To do: Below are some entries. Transcribe the lines from the one holding "5949c4f8 e13f 420d a23b 6ad3fe7abb36" to the one holding "Siberian Husky dogs for sale - Ad 2", inclusive, but not the pictures among them.

Record excerpts:
================================

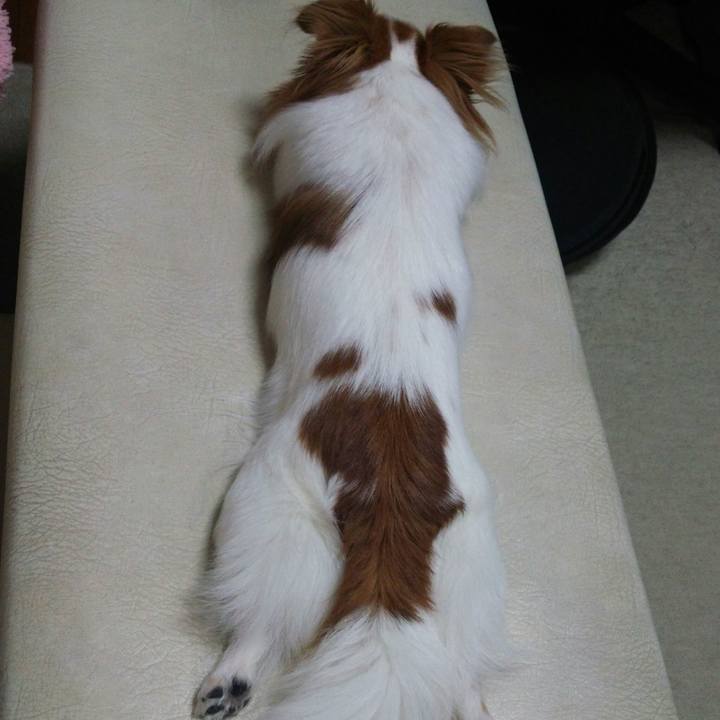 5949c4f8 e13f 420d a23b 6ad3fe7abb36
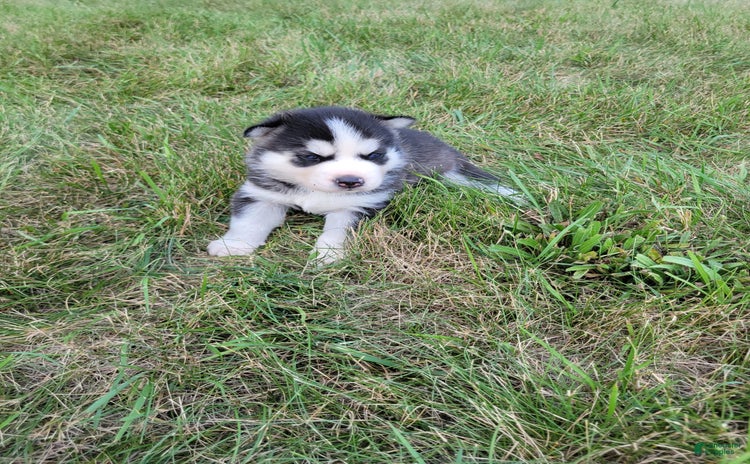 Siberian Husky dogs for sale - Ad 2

================================

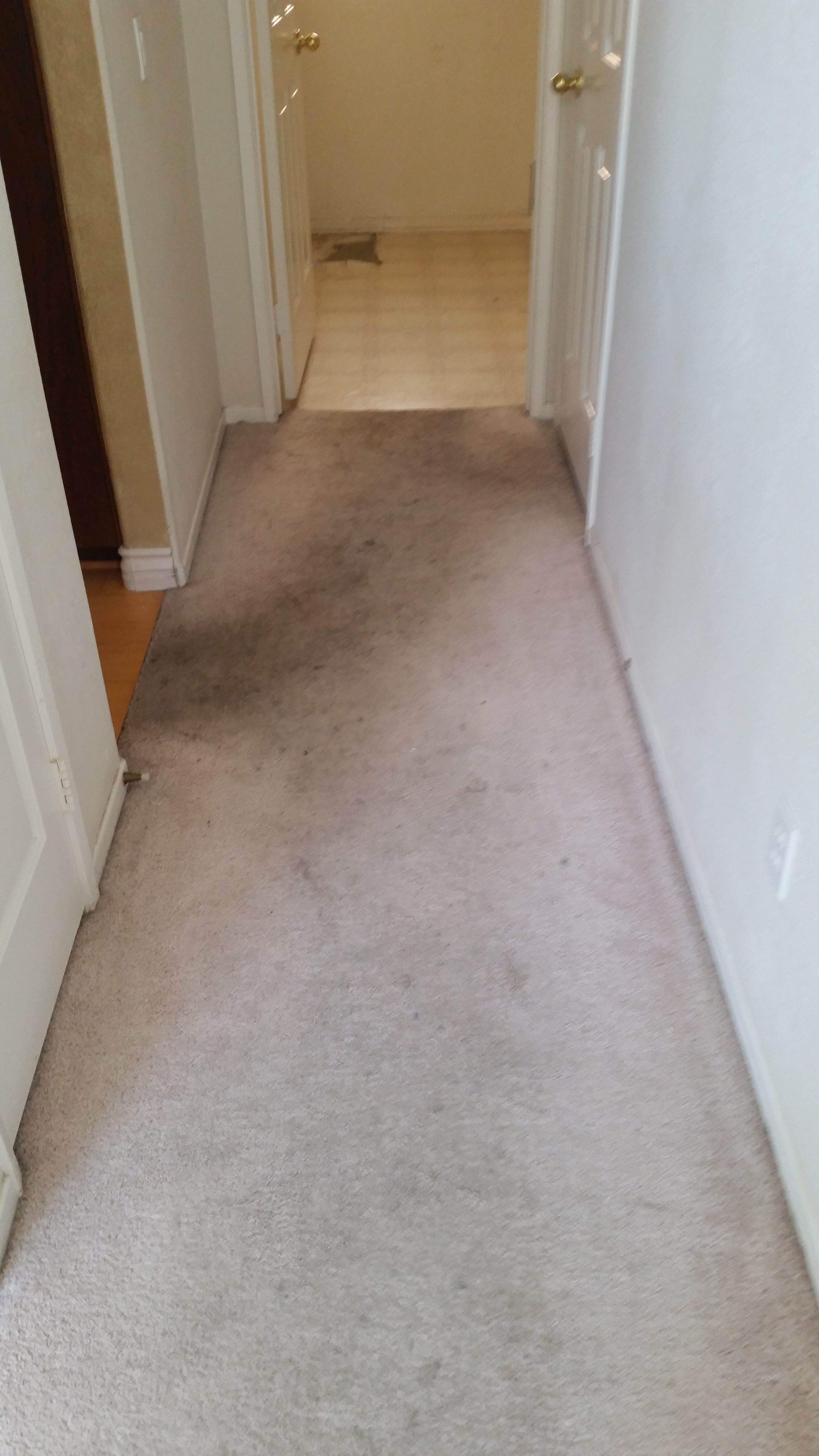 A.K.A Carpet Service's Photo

================================

Your solution:
 5949c4f8 e13f 420d a23b 6ad3fe7abb36
 Siberian Husky dogs for sale - Ad 2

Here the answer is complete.